Okay, I know I’m a pedant when it comes to basic grammar, spelling, and punctuation but recently it seems that the race to the bottom is accelerating. Either that or internet bloggers and commenters have, of recent, become emulators of James Joyce’s Ulysses in style and structure. Then again, perhaps not; Joyce could at least spell. (Modern variant: “Joyce cud at leest spel.”)

I can appreciate that English can be difficult for newcomers to learn and master, but when your name is Joe Smith and you hail from Pittsburgh (or Tampa, or Toronto), I expect it’s your first language that you are butchering, not your second.

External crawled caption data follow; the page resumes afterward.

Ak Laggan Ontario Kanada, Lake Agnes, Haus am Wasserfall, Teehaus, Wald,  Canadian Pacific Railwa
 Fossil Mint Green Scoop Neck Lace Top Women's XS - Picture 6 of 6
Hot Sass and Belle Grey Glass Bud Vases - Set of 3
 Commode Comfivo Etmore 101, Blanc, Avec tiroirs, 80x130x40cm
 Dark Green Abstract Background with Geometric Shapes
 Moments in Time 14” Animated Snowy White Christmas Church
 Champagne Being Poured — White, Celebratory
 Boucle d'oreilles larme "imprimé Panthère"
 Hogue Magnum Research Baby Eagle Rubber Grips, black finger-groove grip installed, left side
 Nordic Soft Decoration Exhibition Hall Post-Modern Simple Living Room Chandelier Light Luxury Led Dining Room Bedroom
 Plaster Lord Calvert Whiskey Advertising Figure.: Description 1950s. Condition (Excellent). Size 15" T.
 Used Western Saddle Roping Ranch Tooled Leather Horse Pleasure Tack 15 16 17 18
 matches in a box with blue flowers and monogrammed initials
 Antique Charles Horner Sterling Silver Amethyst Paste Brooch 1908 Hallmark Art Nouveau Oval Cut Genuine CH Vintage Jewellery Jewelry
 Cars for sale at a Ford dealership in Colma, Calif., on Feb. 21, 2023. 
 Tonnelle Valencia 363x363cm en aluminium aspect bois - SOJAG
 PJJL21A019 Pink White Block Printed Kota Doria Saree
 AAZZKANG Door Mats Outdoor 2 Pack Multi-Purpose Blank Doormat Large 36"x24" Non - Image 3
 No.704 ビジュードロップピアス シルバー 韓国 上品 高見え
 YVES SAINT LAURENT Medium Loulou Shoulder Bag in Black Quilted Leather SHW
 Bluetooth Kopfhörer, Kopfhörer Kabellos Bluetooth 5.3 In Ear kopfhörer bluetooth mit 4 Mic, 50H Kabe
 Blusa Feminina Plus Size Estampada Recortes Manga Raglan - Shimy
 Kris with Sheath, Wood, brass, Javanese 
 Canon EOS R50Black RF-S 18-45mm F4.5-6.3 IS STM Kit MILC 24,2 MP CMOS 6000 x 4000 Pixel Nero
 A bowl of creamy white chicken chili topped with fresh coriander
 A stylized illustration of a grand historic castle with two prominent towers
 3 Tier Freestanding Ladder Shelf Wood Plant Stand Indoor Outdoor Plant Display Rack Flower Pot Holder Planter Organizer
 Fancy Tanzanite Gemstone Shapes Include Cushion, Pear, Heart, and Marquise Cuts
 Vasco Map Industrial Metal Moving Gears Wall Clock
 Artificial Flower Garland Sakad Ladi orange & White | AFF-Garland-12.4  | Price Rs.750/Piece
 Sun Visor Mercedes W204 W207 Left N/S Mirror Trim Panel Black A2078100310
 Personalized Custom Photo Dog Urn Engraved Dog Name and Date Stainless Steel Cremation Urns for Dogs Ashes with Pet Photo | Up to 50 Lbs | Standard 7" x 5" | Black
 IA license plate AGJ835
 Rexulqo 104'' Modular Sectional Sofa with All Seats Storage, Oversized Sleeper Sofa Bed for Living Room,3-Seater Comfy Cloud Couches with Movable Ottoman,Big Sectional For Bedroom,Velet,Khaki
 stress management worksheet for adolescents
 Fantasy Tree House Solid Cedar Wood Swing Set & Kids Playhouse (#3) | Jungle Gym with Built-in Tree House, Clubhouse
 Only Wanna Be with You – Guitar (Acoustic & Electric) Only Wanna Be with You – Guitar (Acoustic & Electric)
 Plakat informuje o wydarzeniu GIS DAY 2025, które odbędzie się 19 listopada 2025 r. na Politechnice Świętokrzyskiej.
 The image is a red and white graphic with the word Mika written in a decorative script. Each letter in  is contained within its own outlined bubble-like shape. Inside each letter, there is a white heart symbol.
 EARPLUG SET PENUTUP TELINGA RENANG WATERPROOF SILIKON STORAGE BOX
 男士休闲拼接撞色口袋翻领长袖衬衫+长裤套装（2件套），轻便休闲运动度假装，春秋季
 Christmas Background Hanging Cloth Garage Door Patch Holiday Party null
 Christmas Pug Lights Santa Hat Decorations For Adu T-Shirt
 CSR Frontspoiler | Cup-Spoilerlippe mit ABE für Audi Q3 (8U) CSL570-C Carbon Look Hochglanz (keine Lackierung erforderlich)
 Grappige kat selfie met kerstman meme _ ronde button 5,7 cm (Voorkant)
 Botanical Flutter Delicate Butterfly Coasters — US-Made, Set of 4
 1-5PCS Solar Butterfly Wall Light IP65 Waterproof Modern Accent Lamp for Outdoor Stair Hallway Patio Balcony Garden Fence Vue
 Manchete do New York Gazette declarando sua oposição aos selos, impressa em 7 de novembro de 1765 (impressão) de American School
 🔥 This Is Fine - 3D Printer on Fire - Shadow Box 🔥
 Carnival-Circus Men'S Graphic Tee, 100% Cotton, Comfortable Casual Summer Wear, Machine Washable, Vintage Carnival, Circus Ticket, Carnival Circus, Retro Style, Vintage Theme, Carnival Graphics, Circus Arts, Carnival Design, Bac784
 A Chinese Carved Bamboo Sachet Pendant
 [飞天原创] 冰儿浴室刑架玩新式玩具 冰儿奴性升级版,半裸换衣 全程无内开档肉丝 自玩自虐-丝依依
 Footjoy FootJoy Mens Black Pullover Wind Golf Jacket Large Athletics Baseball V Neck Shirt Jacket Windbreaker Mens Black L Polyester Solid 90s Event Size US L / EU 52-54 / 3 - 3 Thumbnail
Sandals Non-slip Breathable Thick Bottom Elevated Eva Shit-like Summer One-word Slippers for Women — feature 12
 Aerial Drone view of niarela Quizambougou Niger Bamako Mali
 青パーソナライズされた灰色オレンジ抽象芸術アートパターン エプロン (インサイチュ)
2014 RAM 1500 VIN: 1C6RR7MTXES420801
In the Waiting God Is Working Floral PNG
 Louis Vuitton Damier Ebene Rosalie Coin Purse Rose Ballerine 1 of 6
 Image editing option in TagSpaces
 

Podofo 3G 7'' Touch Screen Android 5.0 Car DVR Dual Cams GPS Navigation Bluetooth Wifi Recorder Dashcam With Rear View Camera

Now some would argue that if “people understand what I mean” anyway why does it matter? Or the claim is made that languages evolve over time, new words get added, old words get dropped, and punctuation standards change (vis current discussions over the use of the Oxford comma) so this is just a natural evolution, possibly hastened by the need to compress ideas into 140 characters or less, entered on a very tiny smartphone keyboard/pad. That’s true, to a degree, but the proper use of any language offers a precision to our communications that is too easily lost when it strays too far from its normative path.

There is no shortage of internet memes that use humour to illustrate the misunderstandings that are possible when basic linguistic rules aren’t followed, but there are also more serious consequences.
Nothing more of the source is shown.